The study was done by Suresh Jain and Tanya Sharma, both from the Department of Civil & Environmental Engineering, Indian Institute of Technology Tirupati, along with Anil Kumar Gupta from the National Institute of Disaster Management (under the Ministry of Home Affairs, the government of India).
Around 2.95 billion tons of solar power material (including PVs and balance-of-systems) is estimated to enter India’s electronic-waste stream by 2047, based on an expectation the nation will have deployed 347.5 GW of solar panels by the end of this decade. Given that, EOL solar PV waste management would become an imminent danger for India, requiring a strategic approach for its management.
The study says at present, solar power waste management is a neglected sector in India and follows an unregularised, unscientific and informal approach. Solar waste is currently regarded as general electronic waste under the Ministry of Environment, Forest and Climate Change. There is no mention of solar PVs as a potential waste stream in the E-waste (Management and Handling) Rules, 2011 and Municipal Solid Waste Management Rules (SWM), 2016.
Further, the presence of an informal and illegal sector for managing the e-waste take-back system in India hampers circularity and requires regulation.
Thus, there is very significant scope for the development of a regularised policy approach to managing this emerging waste stream, which can lead to long-term environmental benefits and the reduction of the resource scarcity challenges of the country, states the study.
The proposed framework provides for a multi-sector and multistakeholder approach for solar PV waste management by advocating the constitution of two committees: a technical and regulatory committee and an executive management committee.
The technical and regulatory committee, comprising representatives from relevant central ministries and departments, would be responsible for developing policies in consultation with different partner states to regulate the EOL management of solar PV waste.

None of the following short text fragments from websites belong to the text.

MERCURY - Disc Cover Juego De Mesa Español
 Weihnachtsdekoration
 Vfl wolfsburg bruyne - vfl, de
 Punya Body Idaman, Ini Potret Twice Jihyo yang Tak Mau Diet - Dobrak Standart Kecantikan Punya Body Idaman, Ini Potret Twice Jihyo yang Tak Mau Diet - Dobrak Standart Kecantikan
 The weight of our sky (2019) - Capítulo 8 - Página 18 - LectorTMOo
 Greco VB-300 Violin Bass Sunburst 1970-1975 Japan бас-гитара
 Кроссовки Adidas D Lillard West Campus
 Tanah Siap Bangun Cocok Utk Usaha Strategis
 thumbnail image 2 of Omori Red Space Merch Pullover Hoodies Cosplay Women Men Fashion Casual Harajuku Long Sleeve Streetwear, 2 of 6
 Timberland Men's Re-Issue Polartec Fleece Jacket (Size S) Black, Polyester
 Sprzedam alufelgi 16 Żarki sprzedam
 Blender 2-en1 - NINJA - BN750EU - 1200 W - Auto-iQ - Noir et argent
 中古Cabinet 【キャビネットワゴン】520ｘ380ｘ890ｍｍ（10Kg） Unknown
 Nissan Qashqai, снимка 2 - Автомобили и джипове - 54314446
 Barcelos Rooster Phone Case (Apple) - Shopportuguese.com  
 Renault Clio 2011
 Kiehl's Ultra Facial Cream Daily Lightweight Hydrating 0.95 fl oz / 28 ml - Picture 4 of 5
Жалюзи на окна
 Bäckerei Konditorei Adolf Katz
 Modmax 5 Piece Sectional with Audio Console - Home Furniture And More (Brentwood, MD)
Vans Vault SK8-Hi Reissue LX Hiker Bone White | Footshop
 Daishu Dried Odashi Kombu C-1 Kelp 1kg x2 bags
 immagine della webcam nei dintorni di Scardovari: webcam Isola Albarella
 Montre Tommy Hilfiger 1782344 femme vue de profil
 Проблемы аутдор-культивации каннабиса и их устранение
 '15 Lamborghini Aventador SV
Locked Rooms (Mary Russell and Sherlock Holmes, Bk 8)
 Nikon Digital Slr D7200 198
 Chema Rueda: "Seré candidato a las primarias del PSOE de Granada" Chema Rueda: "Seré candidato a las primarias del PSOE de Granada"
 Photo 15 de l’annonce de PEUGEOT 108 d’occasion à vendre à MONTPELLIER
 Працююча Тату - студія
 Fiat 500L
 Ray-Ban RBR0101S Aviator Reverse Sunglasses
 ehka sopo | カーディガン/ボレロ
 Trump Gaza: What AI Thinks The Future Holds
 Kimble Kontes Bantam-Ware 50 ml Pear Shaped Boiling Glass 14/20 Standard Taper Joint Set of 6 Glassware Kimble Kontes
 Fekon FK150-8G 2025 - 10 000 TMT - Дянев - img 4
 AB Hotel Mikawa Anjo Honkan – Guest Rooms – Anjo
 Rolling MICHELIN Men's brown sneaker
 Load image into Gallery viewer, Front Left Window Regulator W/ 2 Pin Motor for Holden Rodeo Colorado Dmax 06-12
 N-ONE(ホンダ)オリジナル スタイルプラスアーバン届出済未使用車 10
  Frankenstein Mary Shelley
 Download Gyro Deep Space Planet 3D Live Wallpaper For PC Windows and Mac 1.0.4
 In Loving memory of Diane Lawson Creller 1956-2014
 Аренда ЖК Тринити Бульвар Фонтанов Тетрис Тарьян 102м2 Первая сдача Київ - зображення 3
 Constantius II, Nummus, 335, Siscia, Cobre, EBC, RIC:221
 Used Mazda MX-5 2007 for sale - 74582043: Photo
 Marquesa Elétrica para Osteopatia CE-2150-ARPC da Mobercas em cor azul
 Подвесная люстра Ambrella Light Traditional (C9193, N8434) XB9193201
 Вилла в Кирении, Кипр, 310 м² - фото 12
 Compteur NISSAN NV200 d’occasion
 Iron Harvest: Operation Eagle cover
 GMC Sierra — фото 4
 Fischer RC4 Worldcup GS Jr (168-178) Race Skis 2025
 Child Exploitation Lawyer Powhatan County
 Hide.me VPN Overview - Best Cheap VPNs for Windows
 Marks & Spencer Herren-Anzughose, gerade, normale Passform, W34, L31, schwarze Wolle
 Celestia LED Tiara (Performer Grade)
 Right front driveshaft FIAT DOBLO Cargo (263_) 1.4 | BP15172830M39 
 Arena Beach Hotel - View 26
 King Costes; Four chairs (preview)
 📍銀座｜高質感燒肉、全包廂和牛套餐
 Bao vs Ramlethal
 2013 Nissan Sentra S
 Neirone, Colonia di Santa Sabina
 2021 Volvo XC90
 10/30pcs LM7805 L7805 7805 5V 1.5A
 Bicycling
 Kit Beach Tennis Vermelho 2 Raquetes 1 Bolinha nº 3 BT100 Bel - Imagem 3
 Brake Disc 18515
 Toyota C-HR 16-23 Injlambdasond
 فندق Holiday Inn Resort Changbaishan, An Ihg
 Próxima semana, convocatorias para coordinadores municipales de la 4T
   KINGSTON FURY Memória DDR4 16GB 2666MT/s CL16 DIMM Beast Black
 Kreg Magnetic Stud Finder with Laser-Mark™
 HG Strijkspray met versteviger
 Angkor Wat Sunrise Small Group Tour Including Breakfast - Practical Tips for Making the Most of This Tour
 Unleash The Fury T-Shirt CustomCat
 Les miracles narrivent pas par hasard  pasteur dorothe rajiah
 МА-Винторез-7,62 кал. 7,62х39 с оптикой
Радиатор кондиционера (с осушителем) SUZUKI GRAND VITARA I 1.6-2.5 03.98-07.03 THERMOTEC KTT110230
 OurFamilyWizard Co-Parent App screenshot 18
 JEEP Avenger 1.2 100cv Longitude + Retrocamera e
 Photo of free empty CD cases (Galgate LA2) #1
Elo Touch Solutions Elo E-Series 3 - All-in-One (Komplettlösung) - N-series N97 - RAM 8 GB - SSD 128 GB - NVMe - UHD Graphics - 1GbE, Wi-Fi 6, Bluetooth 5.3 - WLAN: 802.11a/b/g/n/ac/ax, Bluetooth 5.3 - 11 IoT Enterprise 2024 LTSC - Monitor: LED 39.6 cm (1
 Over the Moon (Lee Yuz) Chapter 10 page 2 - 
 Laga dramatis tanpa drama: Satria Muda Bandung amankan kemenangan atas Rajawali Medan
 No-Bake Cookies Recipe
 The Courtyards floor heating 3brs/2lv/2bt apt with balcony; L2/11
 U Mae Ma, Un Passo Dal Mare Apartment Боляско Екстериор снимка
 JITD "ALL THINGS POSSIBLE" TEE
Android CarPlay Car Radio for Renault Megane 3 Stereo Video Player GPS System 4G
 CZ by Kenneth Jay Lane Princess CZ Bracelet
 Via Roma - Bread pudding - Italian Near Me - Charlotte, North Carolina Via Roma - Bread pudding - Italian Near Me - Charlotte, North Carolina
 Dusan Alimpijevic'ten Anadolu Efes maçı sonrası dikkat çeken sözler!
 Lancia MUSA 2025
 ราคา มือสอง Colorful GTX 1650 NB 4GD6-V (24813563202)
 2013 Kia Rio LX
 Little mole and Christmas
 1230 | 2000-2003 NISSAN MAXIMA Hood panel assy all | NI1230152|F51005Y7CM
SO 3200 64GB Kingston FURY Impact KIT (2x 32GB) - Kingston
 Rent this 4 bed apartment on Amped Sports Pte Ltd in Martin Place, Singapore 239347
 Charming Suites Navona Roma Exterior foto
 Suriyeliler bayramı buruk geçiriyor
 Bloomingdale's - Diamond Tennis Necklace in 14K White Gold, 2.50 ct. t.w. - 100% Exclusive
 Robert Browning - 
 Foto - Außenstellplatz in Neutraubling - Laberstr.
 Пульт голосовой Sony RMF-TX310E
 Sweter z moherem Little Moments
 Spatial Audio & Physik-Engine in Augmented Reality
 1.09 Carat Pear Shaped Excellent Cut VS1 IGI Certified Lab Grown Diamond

It would be accountable for ensuring the implementation and functioning of the framework to reduce EOL solar PV waste.
The management committee, constituted either by the PV manufacturers themselves or as a public-private partnership organization comprising manufacturers and the government representatives, will work under the technical and regulatory committee on the execution of EPR. It will be responsible for managing the solar PVs that reach their EOL stage, including collection, storage, transport, recovery, reclamation of PVs from the source, as well as their destruction. The committee will be accountable for repurchasing solar PV modules and developing the transportation systems between end-users and EOL management units for the solar PVs.
The manufacturers would be responsible for financing, reporting, and information sharing with the two committees as in the WEEE directives adopted by the EU for solar PV waste management at EOL. The financing of the entire system would be borne by the management committee, being the extended hand of the manufacturers and importers of solar PV modules in India.